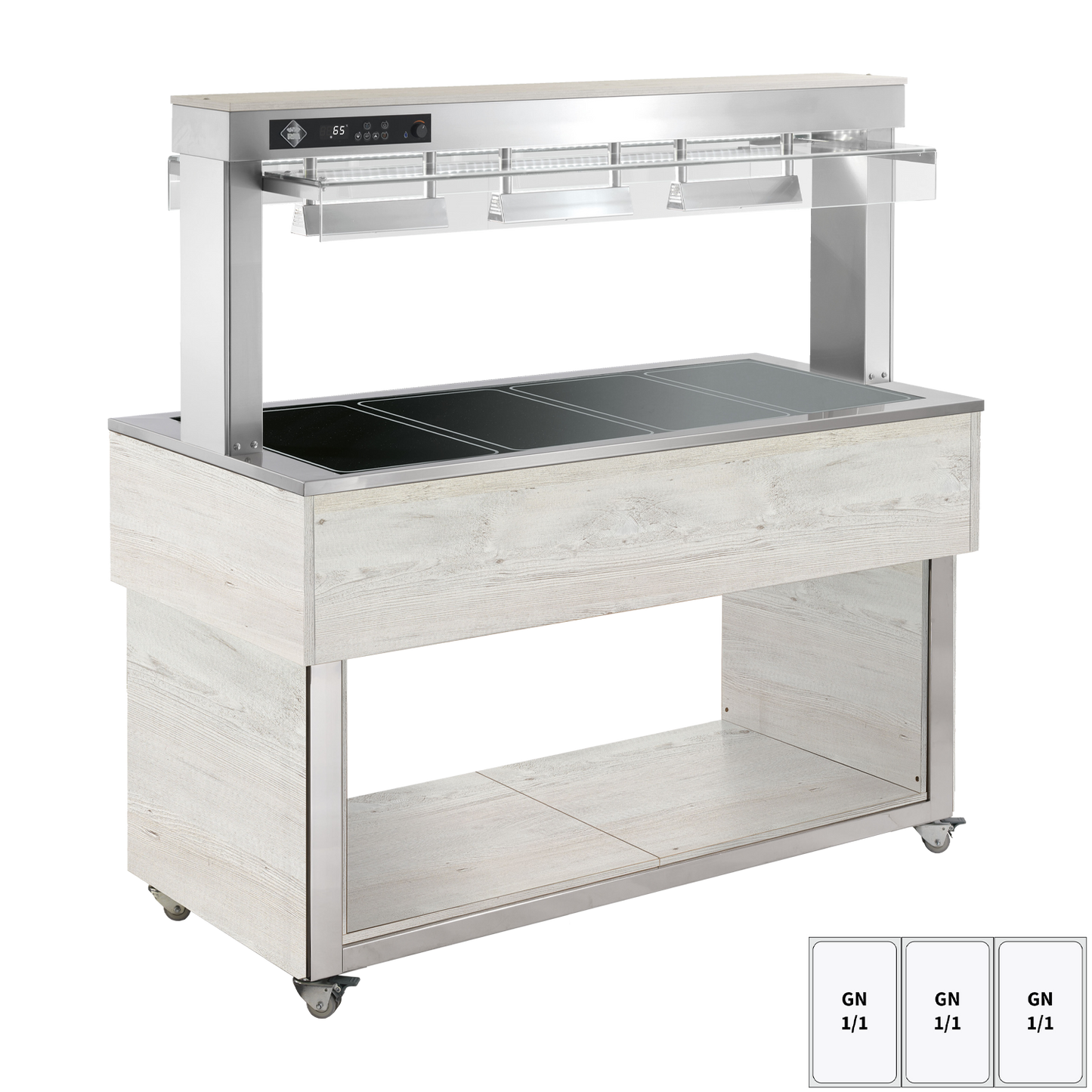 Food display island heated, glass ceramic GN 3-1/1 Hemlock | RM - TR BROWN+ 3H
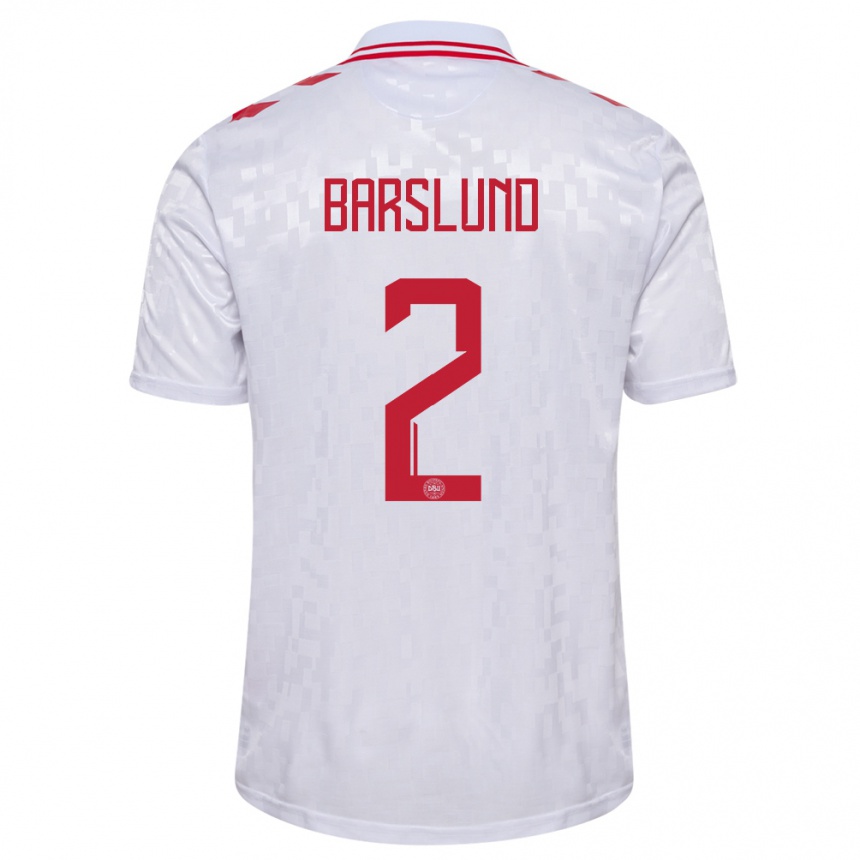 Kids Football Denmark Kaare Barslund #2 White Away Jersey 24-26 T-Shirt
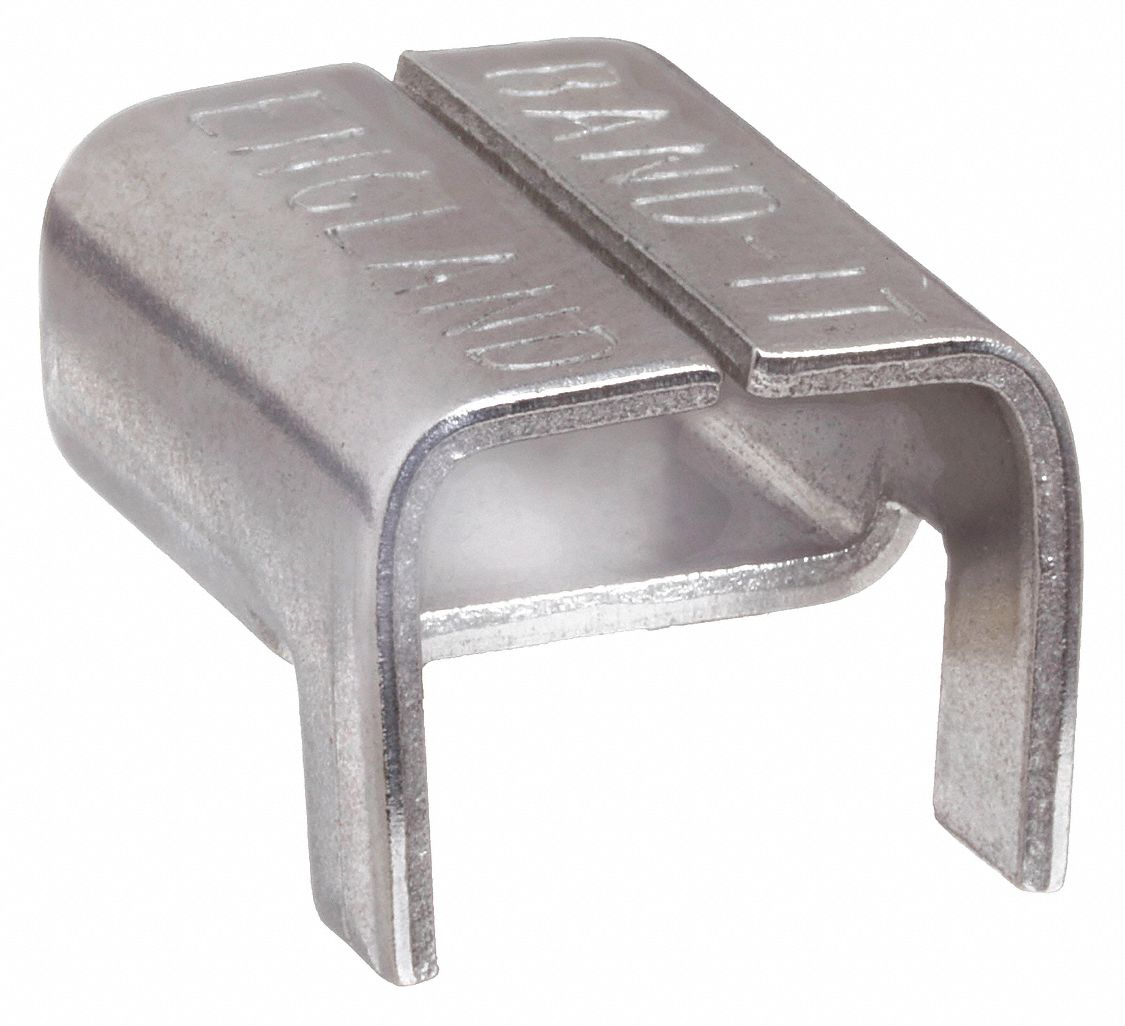 Banding Heads: Fits 1/4 in Strap Wd, Stainless Steel, 100 Qty, Round, Regular Duty, 100 PK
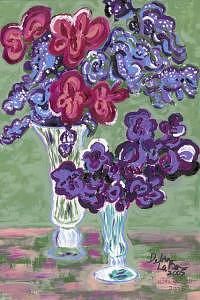 Flower Painting - Purple Bouquet by Debra LaBar Flower Painting - Purple Bouquet by Debra LaBar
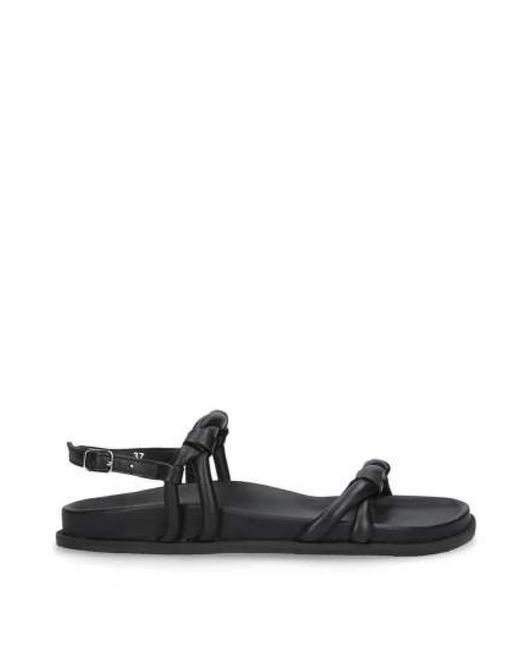 Elena Iachi Black Flat Sandals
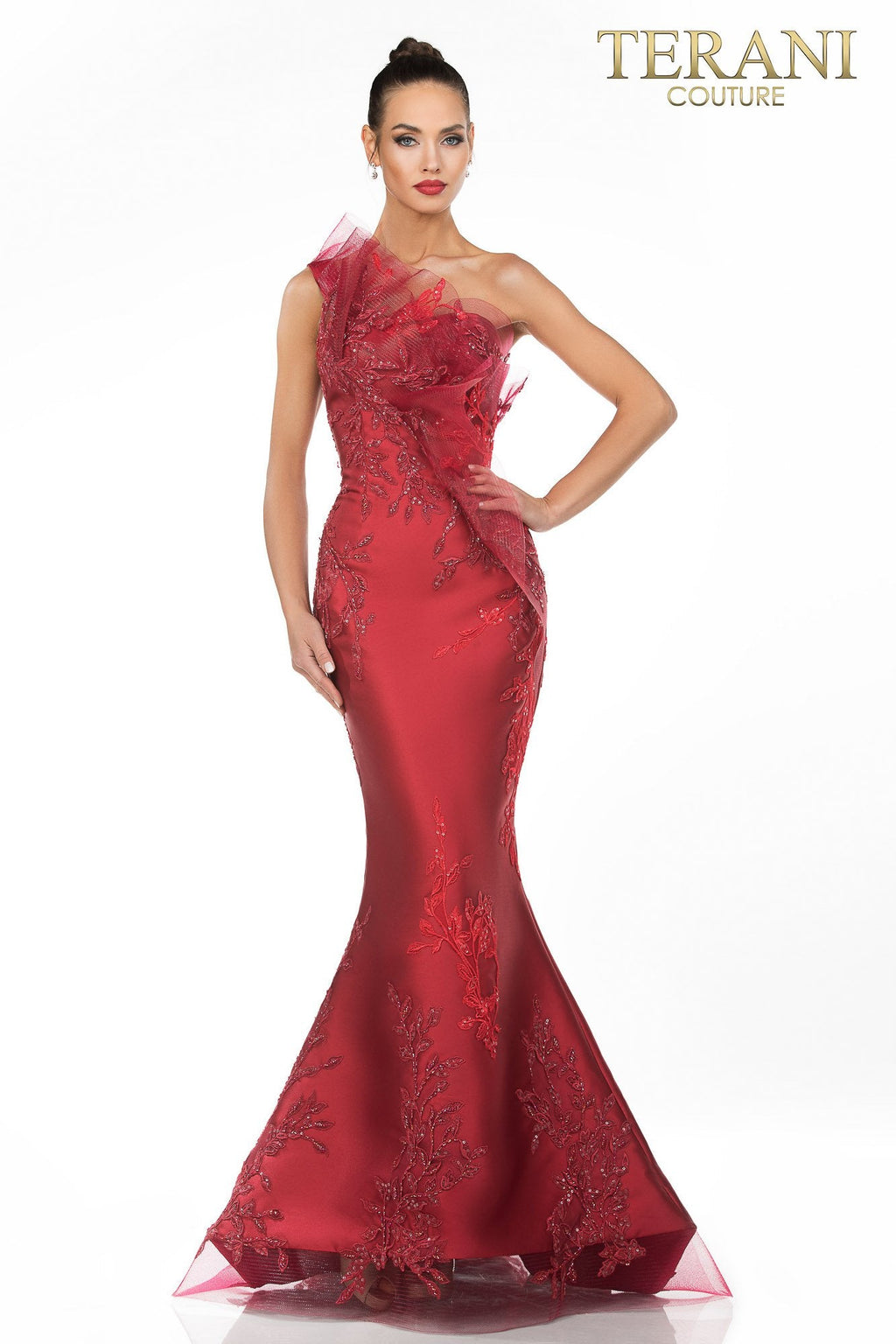 Terani Couture Style 1911E9095 Evening Gown front view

About this task:
Could the entries above be copied out exactly, with no pictures included?

Result for this task:
 Food display island heated, glass ceramic GN 3-1/1 Hemlock | RM - TR BROWN+ 3H
 Kids Football Denmark Kaare Barslund #2 White Away Jersey 24-26 T-Shirt
 Banding Heads: Fits 1/4 in Strap Wd, Stainless Steel, 100 Qty, Round, Regular Duty, 100 PK
 Flower Painting - Purple Bouquet by Debra LaBar Flower Painting - Purple Bouquet by Debra LaBar
 Elena Iachi Black Flat Sandals
 Terani Couture Style 1911E9095 Evening Gown front view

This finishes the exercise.